Malaysia
Refugee kids kept with parents in lock-up to avoid trauma, Parliament told
A detained suspected illegal migrant worker from Indonesia sits in an immigration truck during a crackdown on illegal migrant workers in Klang, outside Kuala Lumpur September 1, 2013. u00e2u20acu201d Reuters pic

KUALA LUMPUR, Nov 25 — Amid growing scrutiny of Malaysia’s treatment of refugees, Datuk Seri Wan Junaidi Tuanku Jaafar confirmed in Parliament today that refugee children below the age of 12 are held at the Immigration Department’s detention centres alongside their parents.

However, the deputy home minister said the government’s move to keep the children together with their parents who were detained on suspicion of involvement in criminal activities in the lock-ups was more humane.

“If the children were separated from their mothers, they will be affected by psychological disorders and both parties will be emotionally affected,” Wan Junaidi said in response to Segambut MP Lim Lip Eng during an emergency debate on the issue in the Dewan Rakyat.
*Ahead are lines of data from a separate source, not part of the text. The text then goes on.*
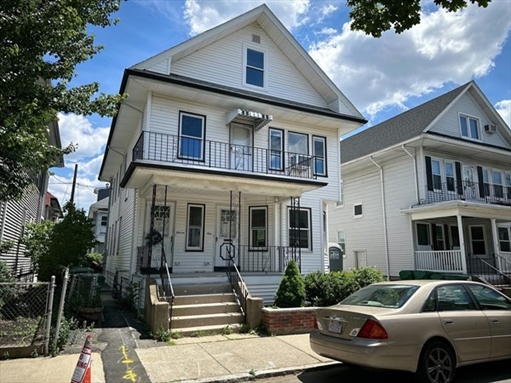 9 Bradford Ave, Apt 1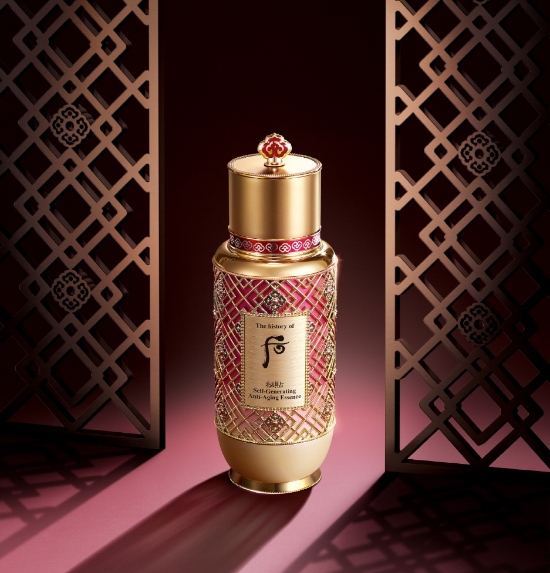 사진 = LG생활건강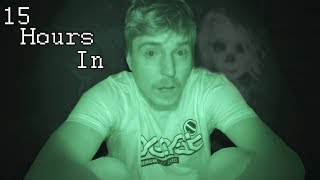 24 Hours In The Most Haunted Place On Earth [upl. by Gildea]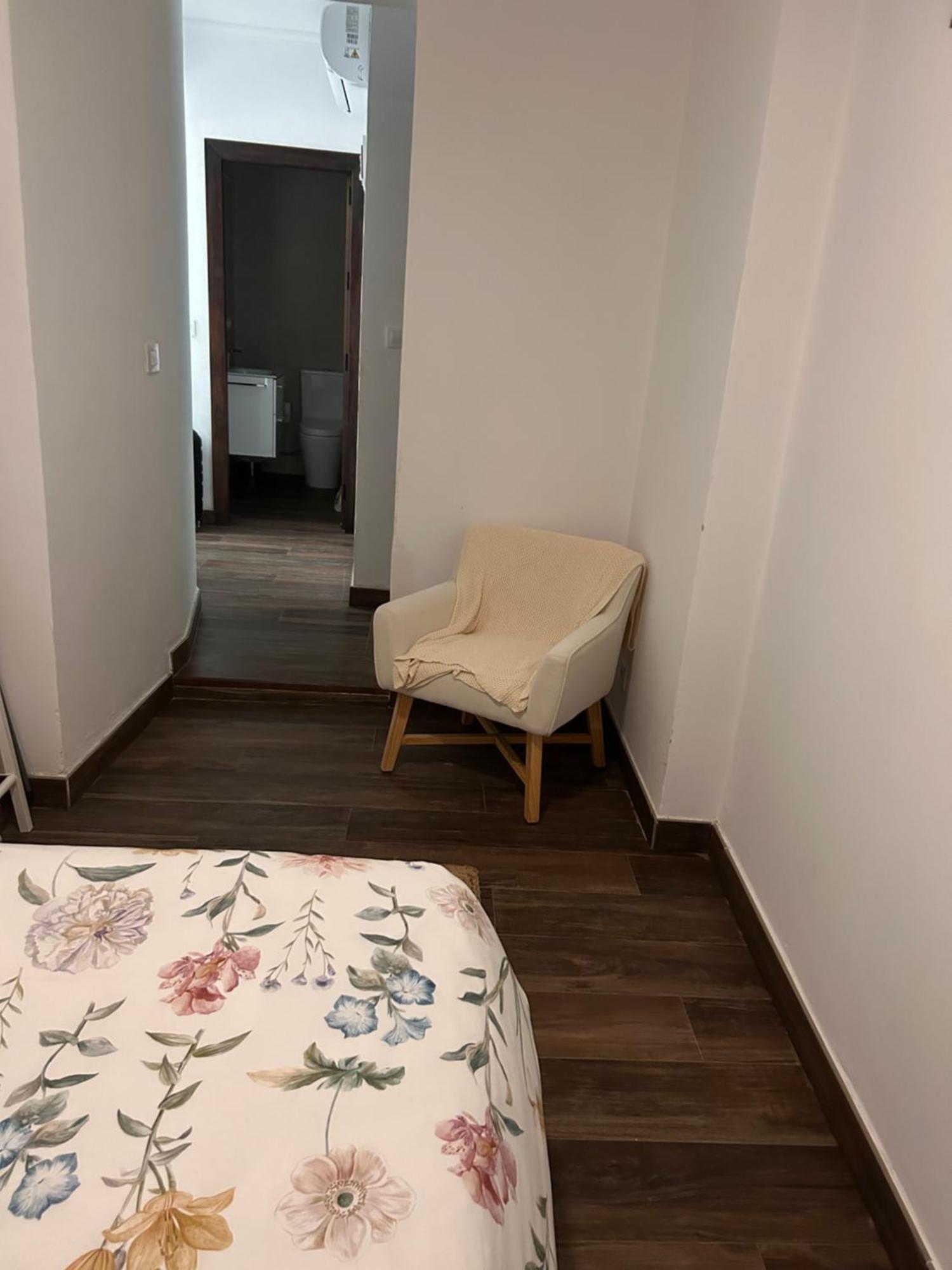 Moratin N3 Apartamento 50M2 เซบีญา ภายนอก รูปภาพ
While Wan Junaidi acknowledged that the detention of children was against the United Nation’s Convention on Children, but insisted that it should be viewed from the perspective of the parents.

The DAP lawmaker had filed to debate the issue yesterday following a documentary on the alleged mistreatment of refugees here by Qatar-based news broadcaster Al-Jazeera that first aired last week.
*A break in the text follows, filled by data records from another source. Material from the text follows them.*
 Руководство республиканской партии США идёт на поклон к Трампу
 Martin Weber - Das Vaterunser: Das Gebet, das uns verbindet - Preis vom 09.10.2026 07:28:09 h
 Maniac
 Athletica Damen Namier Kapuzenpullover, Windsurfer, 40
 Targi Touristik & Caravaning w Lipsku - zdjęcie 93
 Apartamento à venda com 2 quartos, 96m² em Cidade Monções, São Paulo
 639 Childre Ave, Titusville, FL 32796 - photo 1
Steve Chao, senior presenter for the network’s Asian current affairs programme “101 East”, had carried out a covert investigation, in which he claimed that the refugee communities in the country have paid anything from RM1,700 to RM3,500 for each card, allegedly brokered by the United Nations High Commissioner for Refugees (UNHCR) officials in Malaysia.

Chao had gone undercover to visit an immigration detention centre in the national capital, posing as a priest to check on the abysmal conditions that refugees and asylum seekers have to endure.

The correspondent interviewed detainees who complained they had been stripped naked and physically abused; among the allegations was a testimony from a woman who was reportedly taken in just a day after giving birth, purportedly due to a lack of travel documentation.

Chao also claimed that aside from the sale of UNHCR cards, there was also fraud involving some 3,000 asylum seekers who allegedly used false identities to jump the queue and gain early interviews with UNHCR staff to determine refugee status.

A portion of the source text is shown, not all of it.